Aizonai Antik Kentinden, Efesteki Celcius Kütüphanesine kadar birçok eski yapıda bilhassa sütunlarda görmek mümkün Viola’yı, Türkiye’deki adıyla Afyon Menekşe.
Violayı nasıl tanımlarsınız derseniz, bana göre: Kalın akıcı ve göz alıcı damarlarıyla klasik bordo, zaman zaman küçük roller çalan rafine bir gri, zamansız beyazın şık ve kaotik bir harmanı diyebilirim. İyi bir Viola tasarımı desendeki gözlerin büyüklüğü, desenlerin belirgin kalınlıkta orta koyulukta bordo-menekşe renk tonlamaları ve zemin renginin ne kadar beyaz olduğu ile ölçülebilir. Doğal malzemede her istediğimizi dört dörtlük bulamayacağımız aşikar. Beyaz gözler yer yer krem sarıya dönebilir ama ne kadar beyaza yakınsa o kadar tercih edilir. Gözler zaman zaman küçülür. Makbul olanı büyüklerin de desende kendilerine yer bulabilmesidir. Üretimde klasik ocakçılıktan, maksimum blok verimi almaya çalışmaktan ziyade, bu taşın makbul olan karakterini ön plana çıkartmaya çalışmak esas olan. Her zaman hatırlattığım gibi bu tarz egzotik taşlarda önemli olan bloğun büyüklüğü değil plakanın yüzünün büyüklüğüdür. Daha çok bloktan ziyade daha güzel plaka yüzeyi üretimde ilk prensip olmalı.

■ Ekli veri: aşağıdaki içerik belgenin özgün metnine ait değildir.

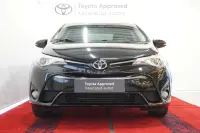 Toyota Avensis Active Plus 1.8 108kW thumbnail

Bu tarz taşlar sökümden daha güzel deseni yansıtan blok nasıl alabilirim mantığı ile blok üretimi kurgulanması gereken taşlar. Elbette ki hiçbir şey dört dörtlük değil. Bazen griler daha artabilir. Bazen de beyazlar daha krem olabilir, muhakkak bu blokların da ekonomik değeri vardır. Pazarlama noktasında fiyatlandırma bu noktada ön plana çıkmaya başlıyor. Breş malzemelerde üretim yapmanın da zorluğu bu maalesef. O yüzden fiyat yelpazesi geniş olmak durumunda. Standart bir fiyat skalası oturtmaktan ziyade blok blok taşın değerinin ön görülmesi daha doğru olacaktır.